»»

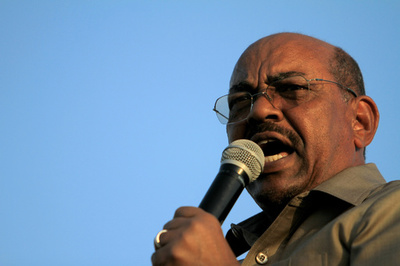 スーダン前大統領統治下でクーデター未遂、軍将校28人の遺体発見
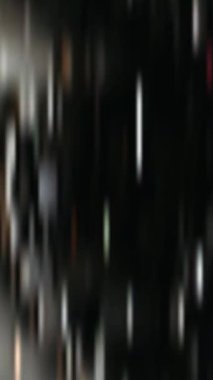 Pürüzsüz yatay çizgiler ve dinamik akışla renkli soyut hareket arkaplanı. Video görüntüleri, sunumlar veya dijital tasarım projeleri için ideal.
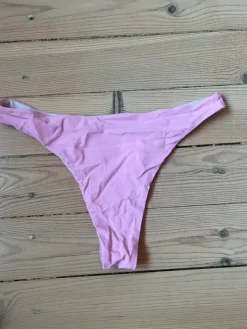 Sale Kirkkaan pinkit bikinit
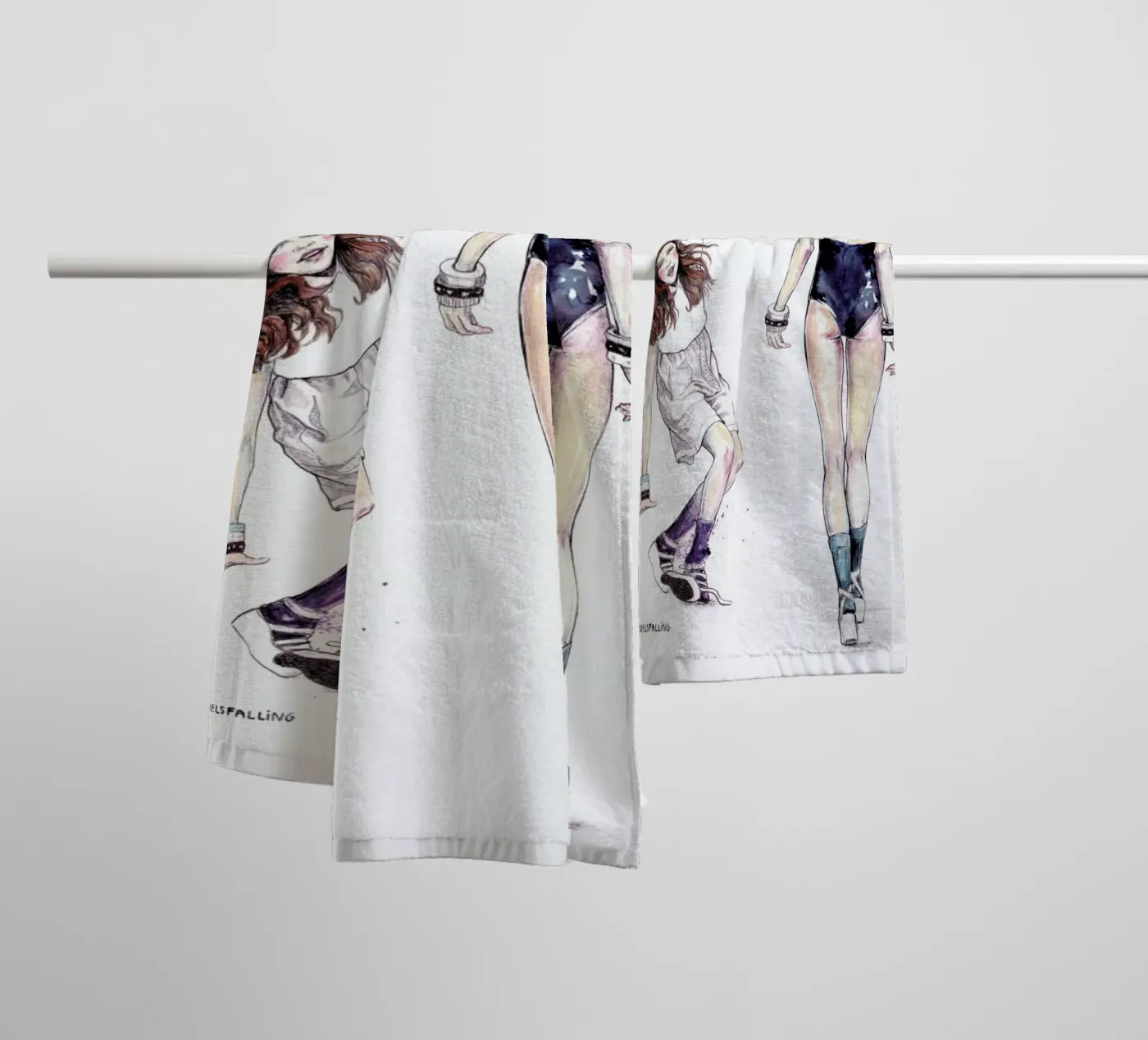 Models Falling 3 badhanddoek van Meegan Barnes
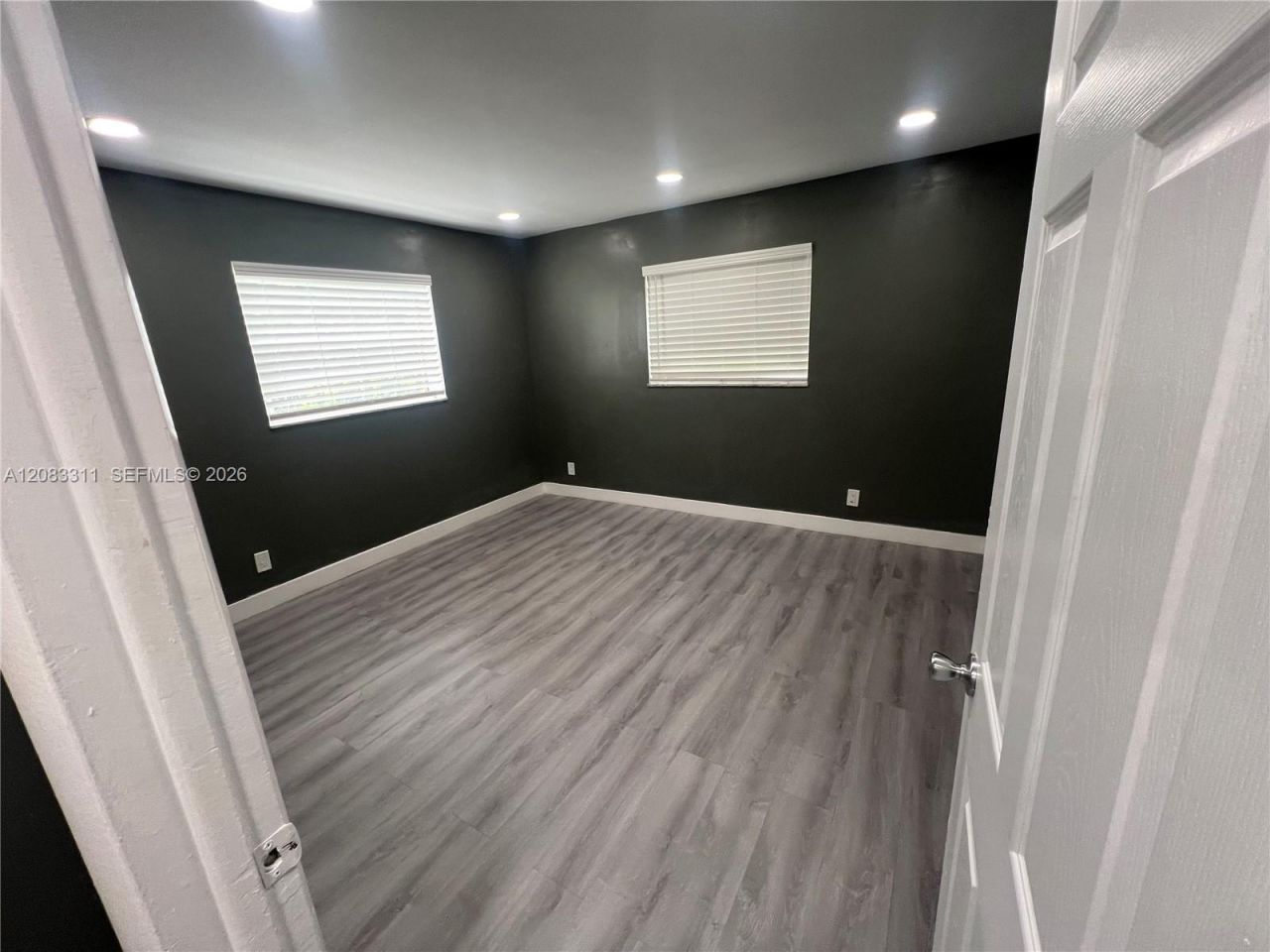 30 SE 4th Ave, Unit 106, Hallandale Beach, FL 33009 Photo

««

EXERCISE DETAILS
Retype every entry exactly as written. Leave the pictures out.

REPLY
 スーダン前大統領統治下でクーデター未遂、軍将校28人の遺体発見
 Pürüzsüz yatay çizgiler ve dinamik akışla renkli soyut hareket arkaplanı. Video görüntüleri, sunumlar veya dijital tasarım projeleri için ideal.
 Sale Kirkkaan pinkit bikinit
 Models Falling 3 badhanddoek van Meegan Barnes
 30 SE 4th Ave, Unit 106, Hallandale Beach, FL 33009 Photo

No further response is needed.